The agency said it mitigated the attack and found that no account was compromised but that an investigation is still underway.

“If we do find that an account has been affected in the course of our investigations, we will contact the account holder individually to inform them.”

Founded in 1992, RIPE NCC currently oversees the allocation of Internet number resources (IPv4 addresses, IPv6 addresses, and autonomous system numbers) to data centers, web hosting companies, telcos, and internet service providers in the EMEA region.

A compromise of any RIPE NCC account would spell big problems for both RIPE and the account holders as it would allow intruders to re-assign, even if temporarily, internet resources to third-parties.

IPv4 addresses are currently in very high demand all over the world, and a flourishing black market has formed over the past decade. This market is fueled by hijacked IPv4 address blocks, and its most frequent customers are malware gangs which use it to rent access to hijacked IPv4 address spaces so they can send spam and skirt spam blocklists.

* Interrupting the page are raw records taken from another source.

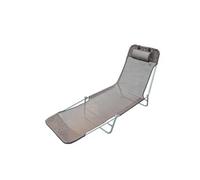 HOMCOM Chaise Longue Pliante Bain de Soleil inclinable transat textilène lit Jardin Plage 182L x 56l x 24,5H cm Chocolat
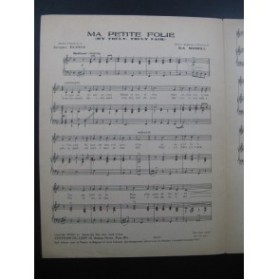 Ma petit Folie Jacques Hélian Chant Piano 1951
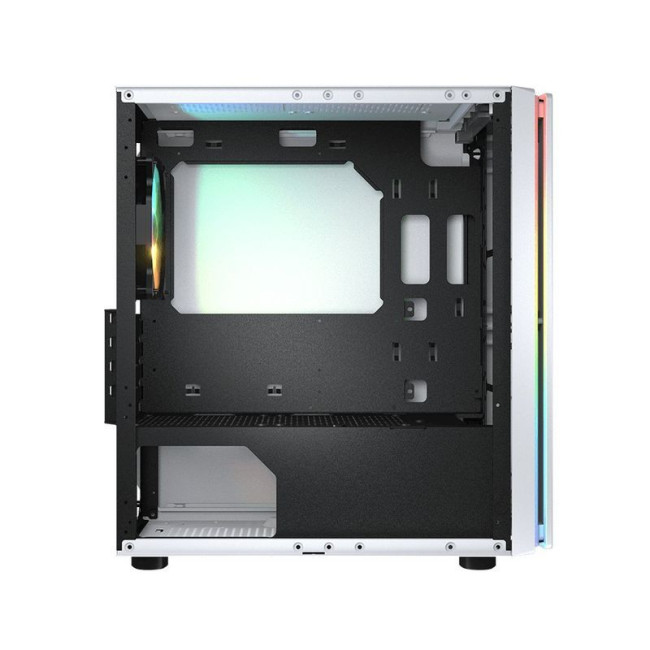 Ігровий корпус, 1*120mm ARGB, вентилятори передвстановлені, Mini ITX / Micro ATX, скляне вікно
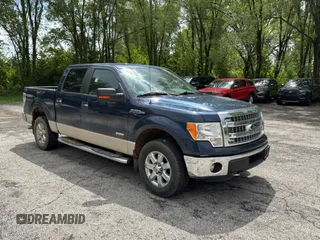 2014 Ford F-150 XL with VIN 1FTFW1ET9EFB16013, listed as a Copart auction lot 55620795 with 231,203 mi miles and Clean Title. Bid and sale history available at carsss.com. Image 1.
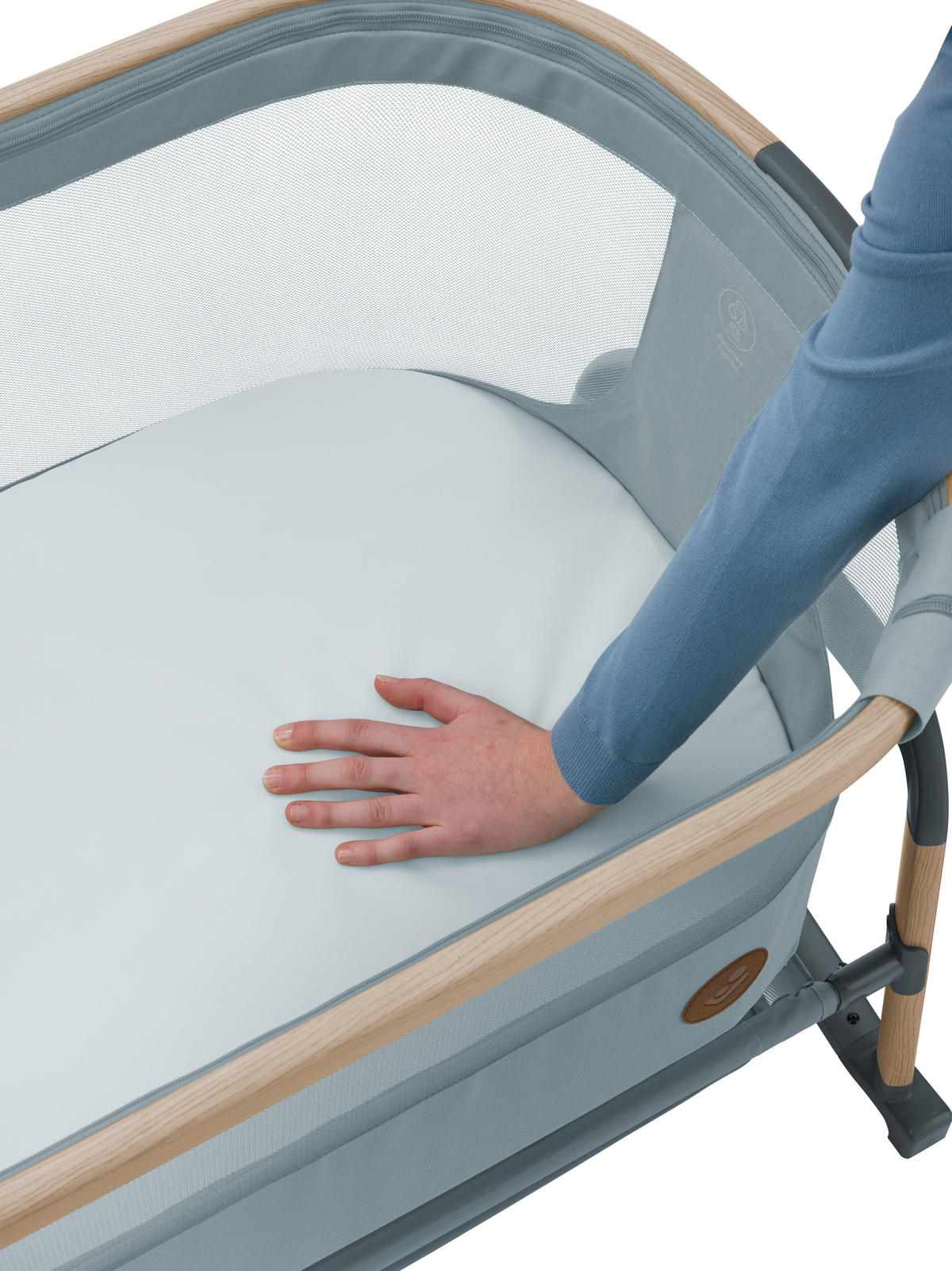 BEISTELLBETT Iora Air  - Hellgrau, Basics, Metall (55/74,5/93cm) - Maxi-Cosi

One of the most notorious IPv4 address space hijacks was discovered in 2019 when more than 4.1 million IPv4 addresses were transferred from South African companies to new owners, according to an AFRINIC investigation.

RIPE NCC officially ran out of IPv4 addresses in November 2019, which explains why threat actors are now gunning for member accounts in the hopes of hijacking existing address pools.

RIPE is now asking all its members, estimated at around 20,000 orgs, to enable two-factor authentication for their Access accounts to prevent intruders from gaining access to these resources through simple brute-force-like attacks.